La notizia della scarcerazione di Nunzio De Falco ha scatenato la dura reazione di Marisa Diana, sorella di don Peppe, che come riporta Repubblica ha dichiarato: "Per quello che ha fatto, quell'uomo avrebbe dovuto morire in carcere. Io non ho potuto abbracciare mio fratello negli ultimi istanti, don Peppe non e' morto circondato dall'affetto dei propri cari. Dunque nemmeno chi e' stato condannato come mandante del suo omicidio dovrebbe avere questa possibilità".

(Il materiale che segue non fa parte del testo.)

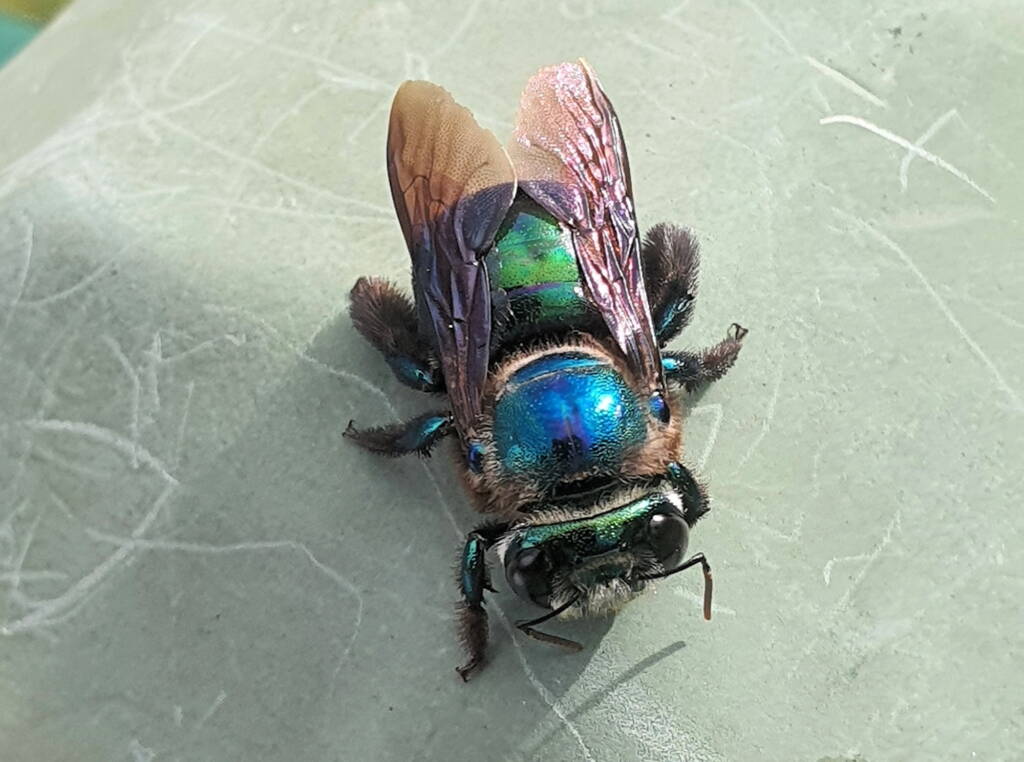 Female Xylocopa bombylans, Carbrook QLD © Jamie Braithwaite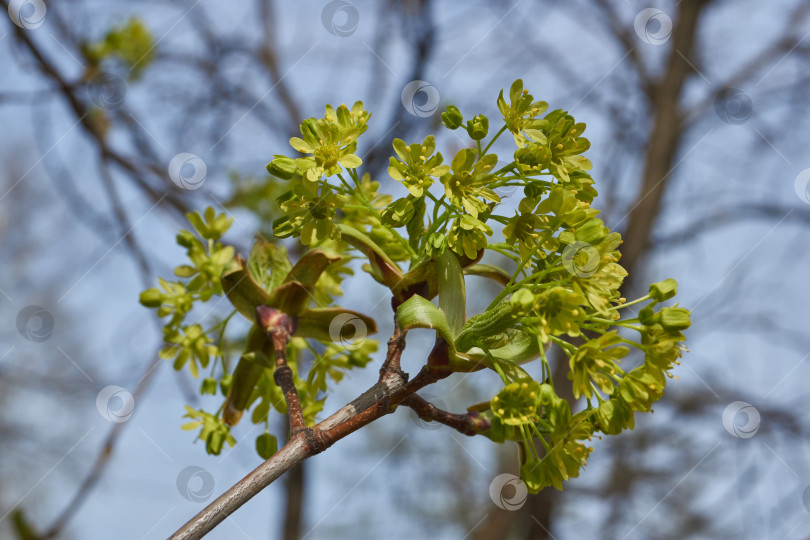 Скачать Распускаются цветочные почки клена остролистного (лат. Acer platanoides). фотосток Ozero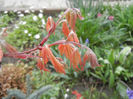 Acer palmatum Ariadne (2014, April 01)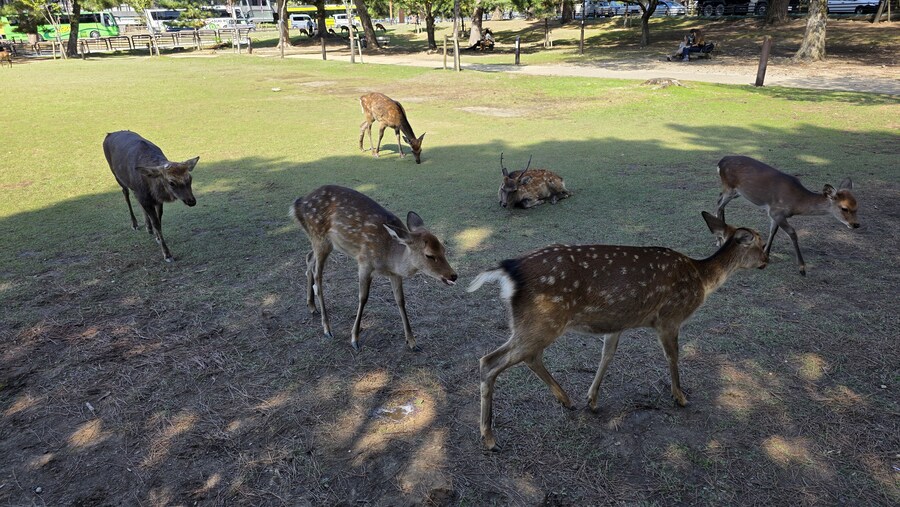 [일본] 나라 덕질 여행기! 나라에서 사슴말고 덕질 탐방! (초스압)_4.jpg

L'omicidio di don Peppe Diana

Nato proprio a Casal di Principe il 4 luglio del 1958, Giuseppe Diana, don Peppe come sarà conosciuto in seguito, dopo la laurea in Filosofia e gli studi teologici a Napoli aveva deciso di tornare nella sua città natale, dove era stato assegnato alla parrocchia di San Nicola di Bari. In prima linea alla lotta all'illegalità sul territorio, sul quale per anni è stato egemone il potente clan dei Casalesi, don Peppe Diana fu ammazzato il 19 marzo del 1994, nel giorno in cui si celebrava il suo onomastico, proprio in chiesa, mentre si preparava a dire messa: intorno alle 7.20 di quella mattina, fu colpito da cinque proiettili, che non gli lasciarono scampo.